The Niners' 2--0 record won't convince everyone that the team has turned around. Skeptics will point out that the Cardinals, who had three receivers surpass 1,000 yards last season, were down to only one healthy wideout (Larry Fitzgerald) when the teams met in the opener. And Seattle, which kicked off on Sunday without six projected starters, lost four more to injury during the game: quarterback Matt Hasselbeck (ribs), linebacker Lofa Tatupu (hamstring), cornerback Josh Wilson (ankle) and right tackle Sean Locklear (ankle).
San Francisco also began the 2007 season 2--0 before losing eight straight games. While the Niners' upcoming schedule is not a murderers' row, it does begin with a trip to Minnesota this weekend to play the undefeated Vikings, who have led the league in run defense in each of the past three seasons and are certain to target Gore.
None of this matters to Singletary. When he put his team through a strenuous minicamp in March, his objective was to persuade the players that even when they feel they have nothing left to give, there's more in reserve. And that as they push themselves, they should bring along a teammate, because on Sundays the only support they have on the field is one another.
"If they're not taking us seriously, that's O.K.," Singletary says of other NFL teams. "They can keep doing that. We're going to continue to take ourselves seriously. We're going to continue to make steps each day. The most important thing for us is to go out each day and get better. If we can get a little bit better each day, we're going to get done what we need to."
Singletary's mission undoubtedly would be aided by the presence of Michael Crabtree, the record-setting Texas Tech wide receiver whom the Niners selected 10th in the draft last April.

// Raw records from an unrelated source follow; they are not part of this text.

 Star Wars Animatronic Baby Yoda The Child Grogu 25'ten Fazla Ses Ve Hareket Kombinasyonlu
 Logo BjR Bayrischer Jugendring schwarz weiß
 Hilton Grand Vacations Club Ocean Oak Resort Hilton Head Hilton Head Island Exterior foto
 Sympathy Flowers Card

But the two sides have been unable to come to terms on a contract, and Crabtree is said to be prepared to sit out the season and reenter the draft next year.
"I think this young man is really misconstrued," Singletary says of Crabtree, who is seeking a contract comparable to the five-year, $23.5 million deal Oakland gave to the seventh pick, wideout Darrius Heyward-Bey from Maryland. "I had a chance to see his heart when we met before the draft and in the first minicamp, when he was trying to run routes and he shouldn't have been because of his [surgically repaired left] foot. He was standing over there about to cry because I wouldn't let him run routes. The guy is a competitor. I would love to have Michael Crabtree, but I want him the right way. If he's meant to be here, he'll be here."
People within the 49ers' organization say that one of Singletary's strengths is his commitment to helping his players succeed beyond the football field. He preaches the importance of character and judges people based on what he sees, not what he has heard.
Davis is a case in point. The No. 6 pick, out of Maryland, in 2006, he quickly developed a reputation as a hothead and me-first player whose performance didn't match his self-image. But Davis has matured so much in the 11 months since Singletary sent him to the showers—no more fights in practice, no more look-at-me first-down signals, no more costly penalties—that earlier this month Singletary named him a team captain.
"Mike Singletary is a very emotional guy," says Davis. "He cares. I had to learn about him, and he had to learn about me. We had to get on the same page. I wanted to win and I wanted to be good, and he wanted to win and he wanted us to be a team. He didn't want any individuals. He made me realize and accept the simple fact that there are no individuals on a team."
Says Singletary, "In my life, I've always wanted to get a group of men together who have a common thought, common goal. I don't care who they are. But if those men can come together, check their egos at the door and honestly care about each other for more than what they do on the field, I think something very special can be created."